The Water Resources Development Acts of 1992 and 1996 provided the U.S. Army Corps of Engineers (Corps) with the authority to review the Central and Southern Florida Project.
In the 1990s, Congressed directed the U.S. Army Corps of Engineers (Corps) to develop a comprehensive plan to restore and conserve south Florida's natural ecosystem while enhancing water supplies and maintaining flood protection. In partnership, the Corps and South Florida Water Management District (District) worked over six years with more than 100 ecologists, hydrologists, engineers and other professionals from more than 30 Federal, state, tribal, and local agencies to take a system-wide look at water in south Florida.
The Service worked with these partners to find opportunities to help conserve south Florida’s rarest plants and animals and identify and minimize any detrimental impacts to those species that might result from the Everglades restoration effort.

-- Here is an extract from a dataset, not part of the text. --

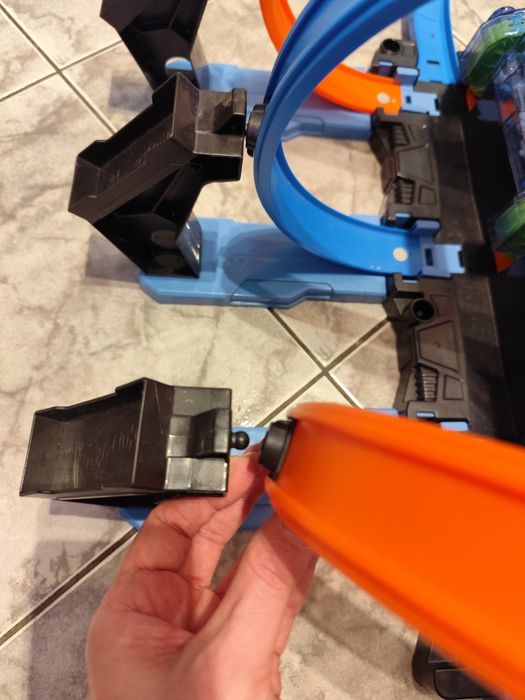 Tor Hot Wheels " Pętle grozy" + baterie+ samochody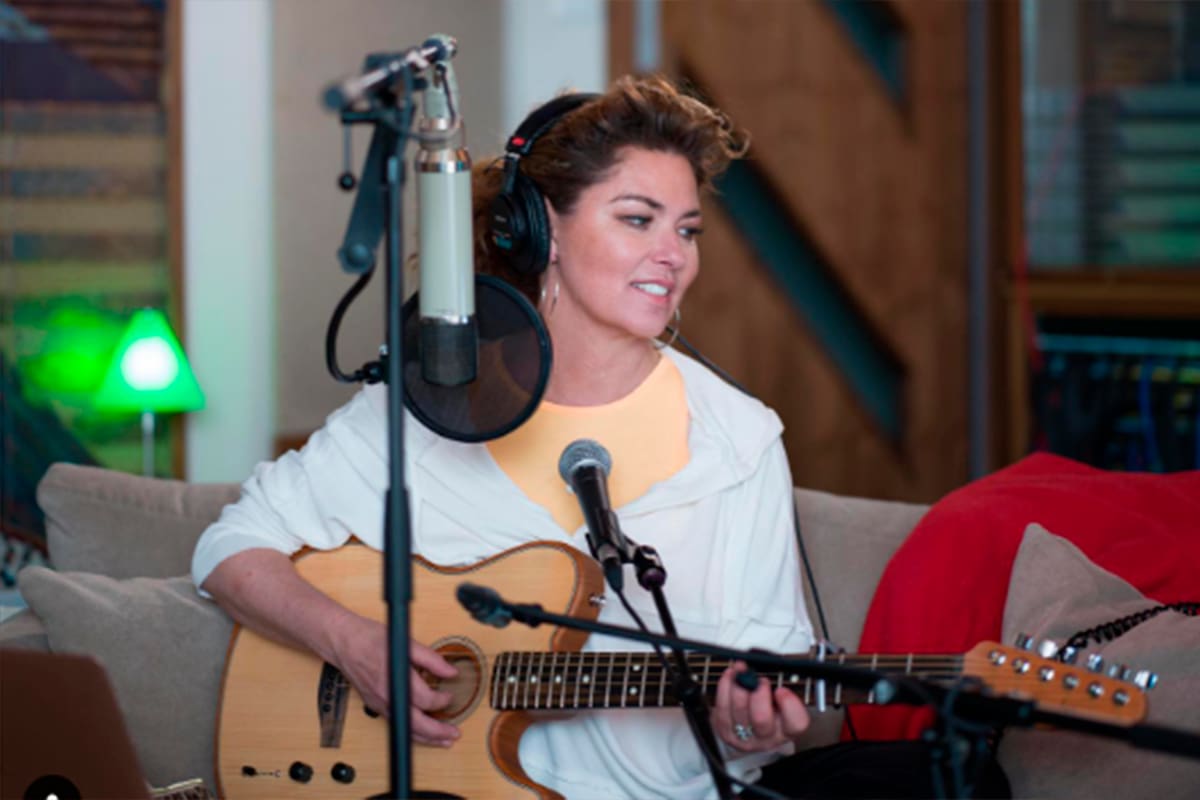 Shania Twain vivió una odisea hasta que le diagnosticaron la enfermedad de Lyme y fue sometida a una invasiva operación de garganta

The Corps and the District, with support from partners, developed a master plan laying out the process to be used for managing and monitoring Everglades restoration. The master Plan covers six pilot projects and 56 restoration plan components for which the District has agreed to be the local sponsor.
Working under the authorities of the Fish and Wildlife Coordination Act, Endangered Species Act, Migratory Bird Treaty Act, Clean Water Act, and the National Environmental Policy Act. the U.S. Fish and Wildlife Service is working to assure that the Everglades restoration provides maximum benefits to the diverse fish and wildlife resources of south Florida.